_Your instructions_: Where the word "introduce" appears in a line below, copy the whole line.

_Source records_:
========
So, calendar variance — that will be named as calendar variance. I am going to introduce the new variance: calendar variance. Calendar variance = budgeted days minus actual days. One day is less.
========
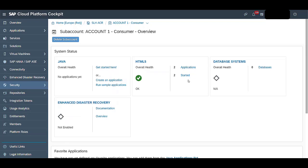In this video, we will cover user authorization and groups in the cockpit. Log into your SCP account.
========
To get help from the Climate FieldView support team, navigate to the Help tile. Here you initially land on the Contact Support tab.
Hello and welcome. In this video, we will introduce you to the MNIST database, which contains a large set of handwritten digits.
========
_Result for this exercise_:
So, calendar variance — that will be named as calendar variance. I am going to introduce the new variance: calendar variance. Calendar variance = budgeted days minus actual days. One day is less.
Hello and welcome. In this video, we will introduce you to the MNIST database, which contains a large set of handwritten digits.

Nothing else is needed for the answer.